On Monday, CM Mamata Banerjee inaugurated various new projects at the IPGMER-SSKM Hospital at a cost of Rs 43 crore.

The facilities include seminar-cum-classroom for the radiotherapy department, 10 ICU beds at the Otorhinolaryngology and Head and Neck Surgery (IOHNS) department, Hyper acute stroke unit, 5 floors of the 10-storeyed OPD building, a gangway connecting the OPD building and the Emergency Ward at the SSKM among others, mp reports.

Banerjee said “SSKM is a centre of excellence. Senior people have brought glory to the hospital while junior doctors are feeling proud of the institution.”

Urging the SSKM Hospital authorities to depute senior doctors during night shifts at the hospital, she said “Senior doctors would have to stay on duty during night shifts at the hospital because emergency cases like heart attack, cerebral attack, severe injury caused by accident, etc happen mainly at night.”

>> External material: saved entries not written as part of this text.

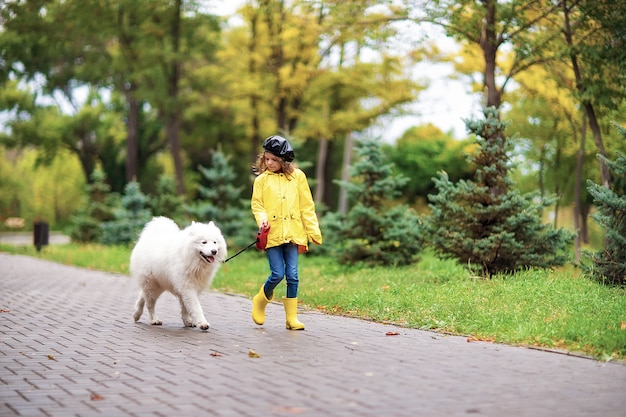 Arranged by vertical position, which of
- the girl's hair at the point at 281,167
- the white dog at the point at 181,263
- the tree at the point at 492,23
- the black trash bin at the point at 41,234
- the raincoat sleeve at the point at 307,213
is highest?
the tree at the point at 492,23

Encouraging the junior doctor to always treat the patients with care, she said “serve patients with a smiling face because you are serving the society. There are many doctors, who always mint money from patients by forcing them to implant pacemakers or keeping dead bodies in the ICUs to make exorbitant treatment bills. But there are also many other doctors who do good work for patients and don’t think about money.”

Aside from the necessary projects launched by the minister at the hospital, more will be launched in the near future for the improvement of the healthcare sector in the city.